🤖 AI Summary
This work proposes a platform-agnostic, multimodal digital human modeling framework that addresses the limitations of existing AI-driven approaches, which are often constrained by platform or task specificity and lack reproducibility, scalability, and ethically compliant data reuse mechanisms. By decoupling perception, interaction modeling, and inference preparation, the framework treats neurophysiological signals—including EEG, EMG, EOG, PPG, and inertial data—as time-aligned, structured observables rather than internal model embeddings, thereby enabling flexible and ethically sound downstream reuse. Implemented using OpenBCI Galea hardware and the SuperTux gaming environment, the system leverages computational task primitives to achieve precise event annotation and interaction modeling. Internal validation confirms data integrity, stream continuity, and multimodal synchronization, demonstrating significant potential for scalable applications in accessible interaction and adaptive systems research.
📝 Abstract
Digital Human Modelling (DHM) is increasingly shaped by advances in AI, wearable biosensing, and interactive digital environments, particularly in research addressing accessibility and inclusion. However, many AI-enabled DHM approaches remain tightly coupled to specific platforms, tasks, or interpretative pipelines, limiting reproducibility, scalability, and ethical reuse. This paper presents a platform-agnostic DHM framework designed to support AI-ready multimodal interaction research by explicitly separating sensing, interaction modelling, and inference readiness.
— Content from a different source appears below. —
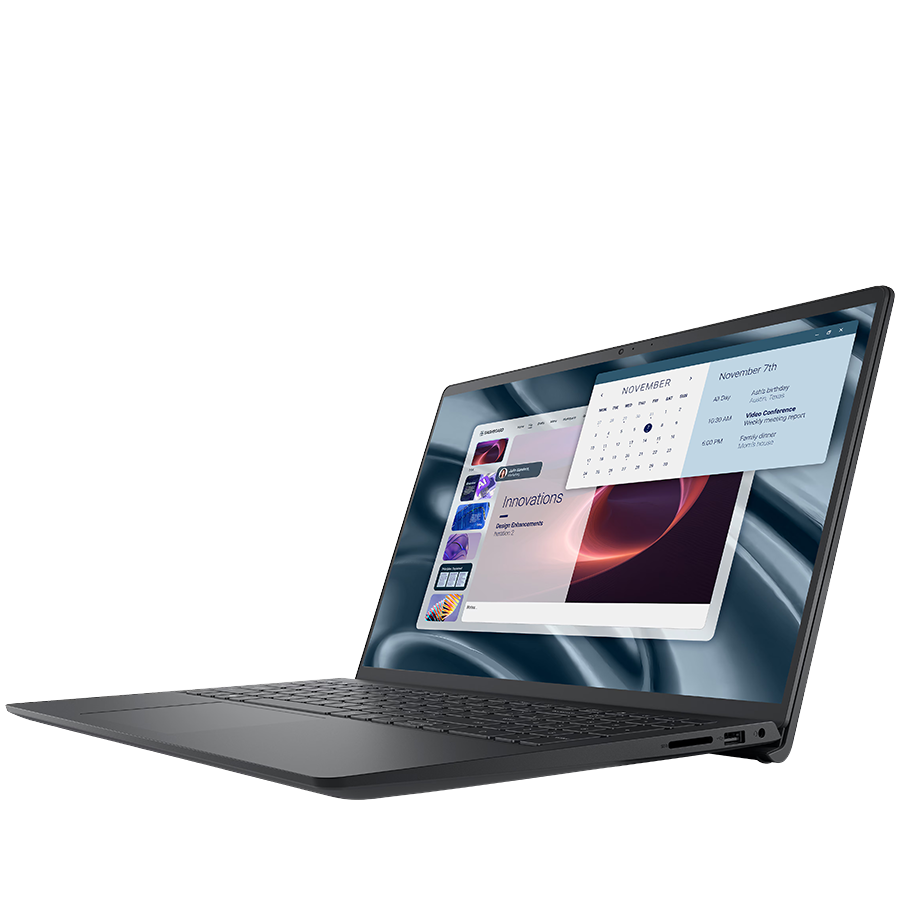 Dell Pro 15 Essential PV15255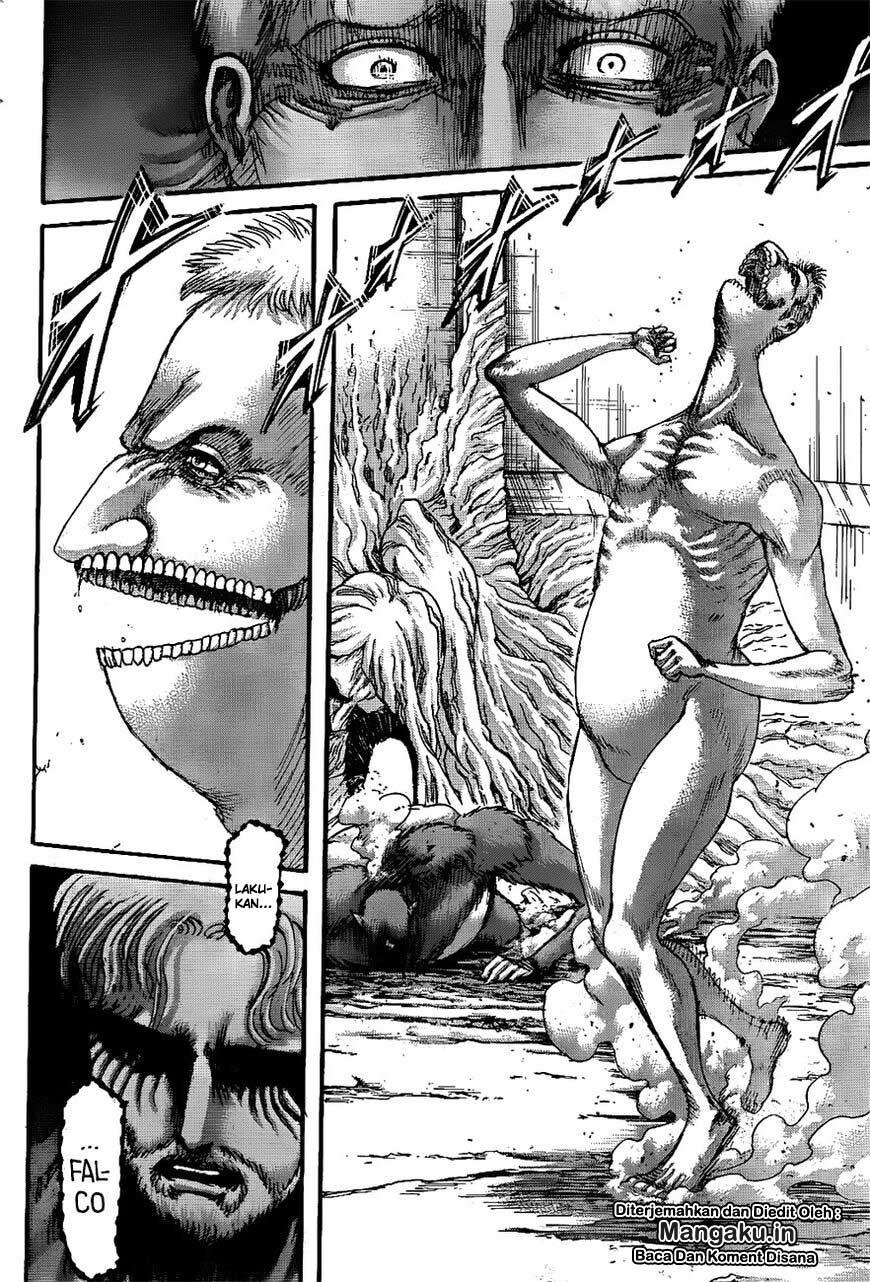 shingeki-no-kyojin - Chapter: 119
The framework integrates the OpenBCI Galea headset as a unified multimodal sensing layer, providing concurrent EEG, EMG, EOG, PPG, and inertial data streams, alongside a reproducible, game-based interaction environment implemented using SuperTux. Rather than embedding AI models or behavioural inference, physiological signals are represented as structured, temporally aligned observables, enabling downstream AI methods to be applied under appropriate ethical approval. Interaction is modelled using computational task primitives and timestamped event markers, supporting consistent alignment across heterogeneous sensors and platforms. Technical verification via author self-instrumentation confirms data integrity, stream continuity, and synchronisation; no human-subjects evaluation or AI inference is reported. Scalability considerations are discussed with respect to data throughput, latency, and extension to additional sensors or interaction modalities. Illustrative use cases demonstrate how the framework can support AI-enabled DHM and HCI studies, including accessibility-oriented interaction design and adaptive systems research, without requiring architectural modifications. The proposed framework provides an emerging-technology-focused infrastructure for future ethics-approved, inclusive DHM research.